1. Accepting consumer responsibility
2. Creating a new economy
3. Adopting attitudes that encourage good stewardship and make icons of a new type of hero
4. Implementing new rules for business and government
5. Honoring our individual passions

These are all fully actionable, and initial small steps are accessible to anyone.

#1 is a simple, extremely effective pathway to change via individual acts - and doable even if you're over-busy and strapped for cash (see [...] - the latter two in Perkin's book). It may require some re-orientation of priorities - for instance, buying less stuff or more used or less processed food or less meat in order to have funds to make a higher proportion of purchases from fair, environmentally responsible companies. Many of my friends make - and spend - very little, but make their remaining purchases with this level of care.

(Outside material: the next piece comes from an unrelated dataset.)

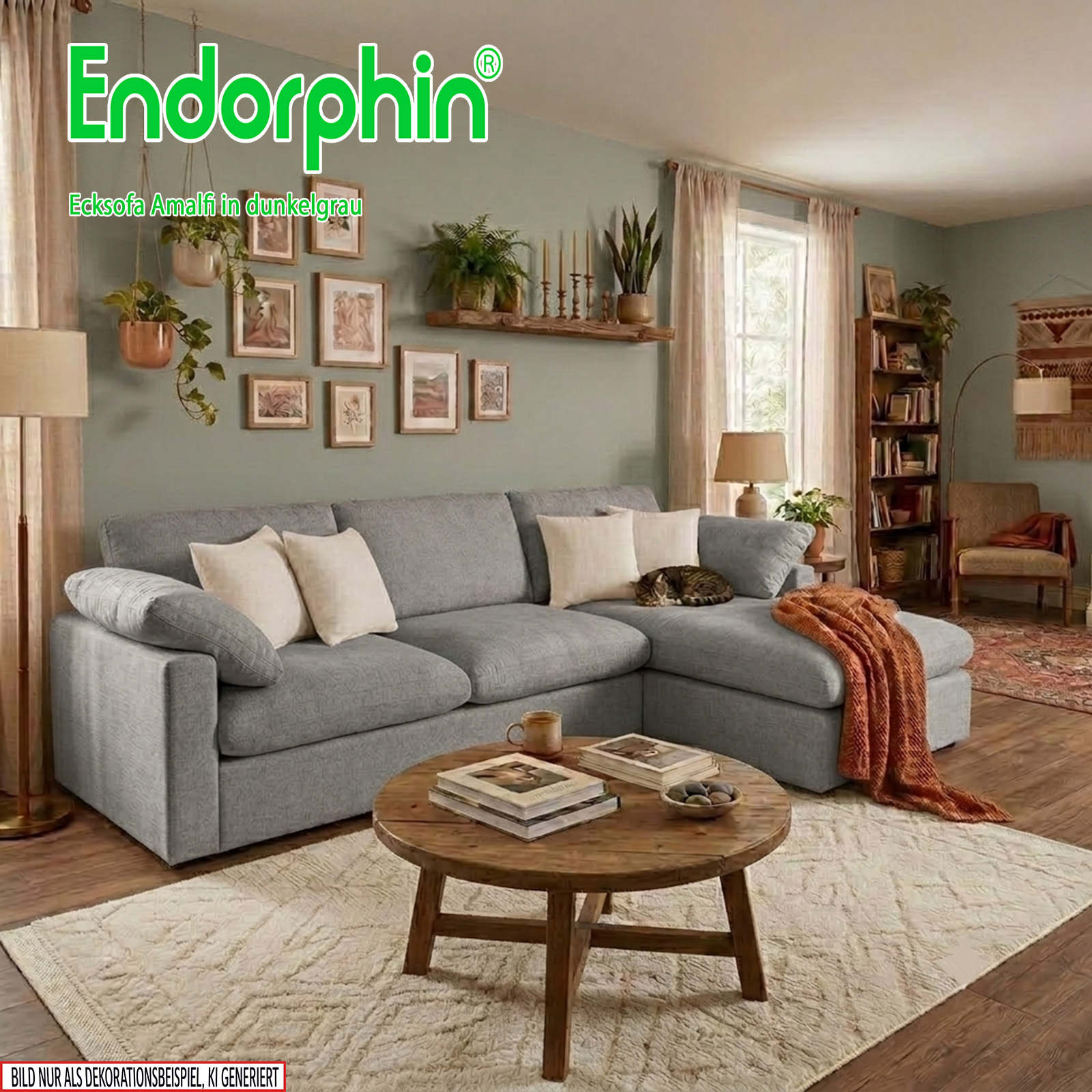 Endorphin Ecksofa Amalfi dunkelgrau, Ottomane flexibel montierbar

#5 is the best pathway out of apathy out there (not to mention making life way more interesting and fun). Find the place where your talents and passions meet the world's need and, however slowly, start moving in that direction. It's bound to be a better party than the apathy crowd puts on.

With #3, any parent, child, teacher, friend can influence those they're close to by shifting attitudes, behavior, and what and who you choose to admire and discuss. Cultures change, sometimes rapidly, and largely via social networks. Those in the media (or with friends and family in media) can play a wider role, but we all can make a difference here without any extra money or time - just a shift of emphasis.

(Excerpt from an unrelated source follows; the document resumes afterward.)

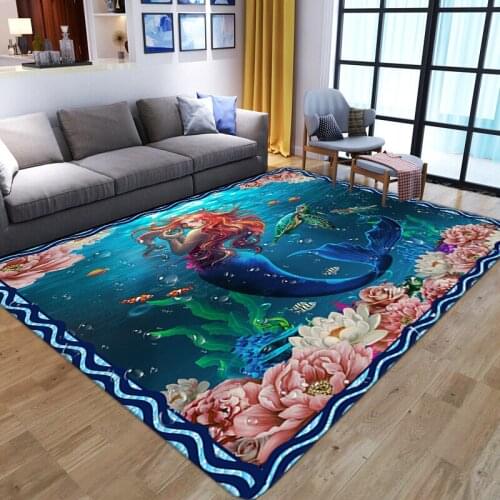 Anime Mermaid 3D print Carpet For home Living Room Bedroom Soft Flannel Child Game Crawl Floor Mat Kids Room large play area Rug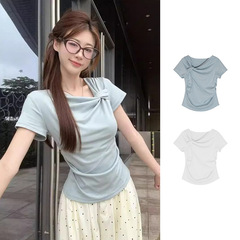 韓国風半袖 Tシャツ女性のための 2025 夏の新しいスタイルスリムで甘い女の子トップス大きいサイズ半袖インボトム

#2 and #4 are to me perhaps the most key, and admittedly harder to see how to act on. Anyone who starts or runs a business based on ethical and green principles or develops a new green technology or service is working on #2, but so is anyone who supports organizations (such as [...]) that are developing and enabling alternative economic approaches. #2 is also #1,4 and 5 combined. Anyone can help create a new economy by using your $ to support things in that economy (#1), and by buying less stuff and using your resulting economic flexibility to make your life fulfill your passions (#5), and to also give $ to support those fighting for #4.

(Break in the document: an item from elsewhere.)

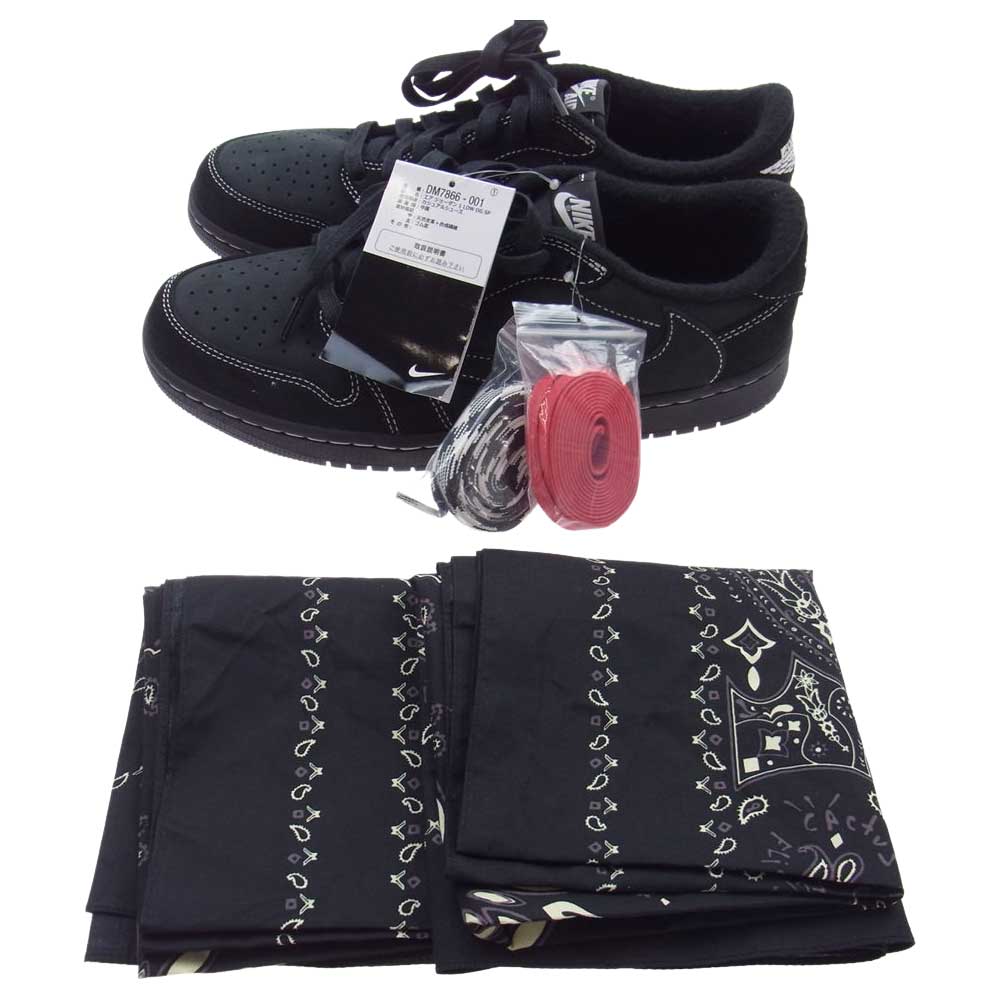 NIKE AIR JORDAN ナイキ ジョーダン DM7866 001 1 Low OG SP × Travis Scott Black Phantom トラヴィス スコット ブラック ファントム スニーカー ブラック系 27.5cm【新古品】【未使用】【中古】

For #4, big battles are going on right now all over the world. Here's where giving support to groups making change (like [...] or [...]) and adding your voice to pressure corporations and politicians to implement deep reform makes all the difference. Even one small step - one call to a congressperson - is important.

For a personal example, I've responded to Og8s1's specific challenge "what have YOU done in the last 30 days" in the comments to Ryan McKenney. Perkins provides a variety of resources to get started - following just one of those links and taking one step can be personally empowering and contributes to the change needed.

Perkens says "if relatively few of us, a critical mass- a tiny percentage of the population-consciously takes action in each of these arenas, we will succeed. In our lifetime." In Margaret Mead's words, "Never doubt that a small group of thoughtful, committed citizens can change the world. Indeed, it is the only thing that ever has." This has been proven again and again to be true, and Perkins shines a light on how each of us can help make the changes we so urgently need today.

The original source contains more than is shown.